とんかつ屋
昨年末、弦楽四重奏で2つの演奏旅行があり、その度に皆で撮った写真を共有した。
驚いたのは食べ物の写真が多かったこと。もう一つ、僕は食べ物の写真を撮らないことにも気付いた。
SNSに投稿する対象で、食べ物は多いと思う。僕は上げたことがない。
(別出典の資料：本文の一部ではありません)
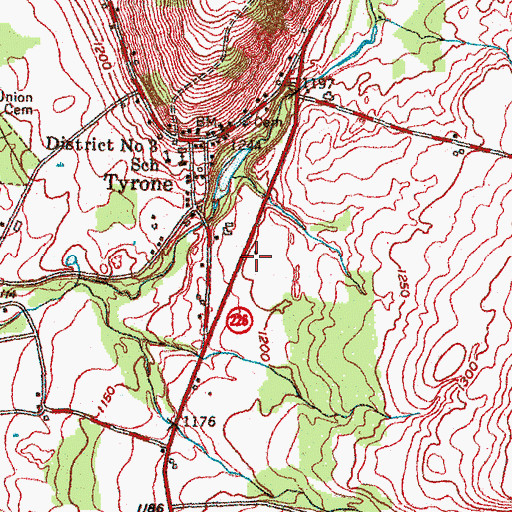 Topographic Map of Tyrone Volunteer Fire Department Company, NY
さほど執着がないのかもしれないし、食べる、という人間の根本的な欲求に関わることだから、あるいは、アレルギーや体質、健康上の問題から、思想、信条の観点から、経済的な理由から、など様々な事情で、食べたくても食べることのできない人たちがいることを思ってしまうから、かもしれない。
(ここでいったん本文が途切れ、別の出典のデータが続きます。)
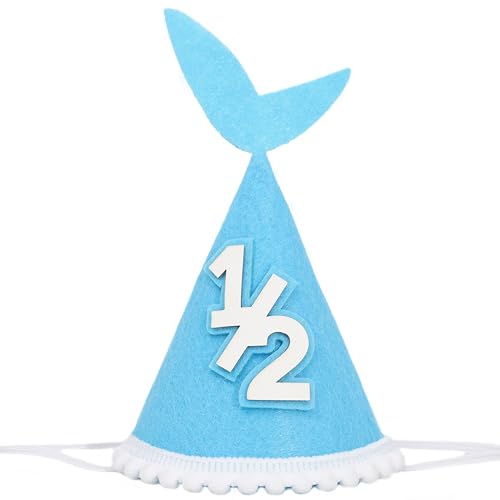 WAOUH Haifischschwanz 1/2 Geburtstagshut – Ozean-Halbgeburtstagsdekoration, blauer Haifisch-Partyhut, Foto-Requisiten, unter dem Meer, 6 Monate, Halbblau, Small WAOUH Haifischschwanz 1/2 Geburtstagshut – Ozean-Halbgeburtstagsdekoration, blauer Haifisch-Partyhut, Foto-Requisiten, unter dem Meer, 6 Monate, Halbblau, Small von WAOUH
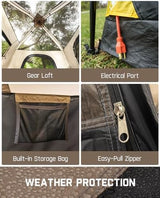 FanttikOutdoor Camping Tent 4/6/8/10 Person Instant Cabin Tent Setup in 60 Seconds with Rainfly & Windproof Portable with Carry Bag for Family Camping & Hiking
最近、家の近くに小さなとんかつ屋があることに気付いた。
見過ごしてしまいそうな古い建物の引き戸を開けると、店内は10人も入ればいっぱいになるくらい。驚くほど清潔で、ご夫婦だろう、寡黙なお二人が厨房に立つ。インターネットの口コミを見なければ入らなかった。
ご飯がふっくら、丸くきれいに腕に盛り付けられ、他も万事同じように手を尽くされている。とんかつももちろん美味しく、値段を見て、もうけはないだろうと思う。
この店には休みの日の昼を食べに行く。長年、淡々と丁寧な仕事を積み重ねてこられたのだろうお二人の姿に心打たれ、清々しい気持ちになって帰ってくる。
以前住んだ町の、駅前のとんかつ屋にはよく通った。
熱烈なジャイアンツ・ファンのマスターと、いつも和服を着ている奥様が営まれていて、入るとすぐ、長くまっすぐなカウンターが目に入る。当時20代の僕には、背中を丸めては座れないような雰囲気があった。
巨人が負けた翌日店に行き、置いてあるスポーツ新聞を手に取ると、今日は読むところがない、とむすっとした声でマスターが言う。
昔、店内のテレビで巨人の旗色の良くない試合を映していたとき、ある著名なチェリストが巨人軍のことを悪く言ったら、マスターの逆鱗に触れ、出入り禁止になった、という伝説を聞いたことがある。
カツ丼はやらないのですか?、と尋ねたら、あれはそば屋とかうどん屋の範疇だから、とマスターがぶつぶつ言い、黙ってしまったので、これは聞いてはいけないことだったんだ、とその時思った。
あの頃、本当に朝起きられなくて、昼の12時半まで寝ていることがよくあった。
一度、夕方4時くらいに行ってとんかつを注文した時、マスターに、君それは何ご飯だ?、と聞かれたことを思い出す。
マスターも奥様も亡くなられ、今は息子さんが店を継いでいる。ずいぶん以前のことのはずなのに、昨日のことのように思い出す。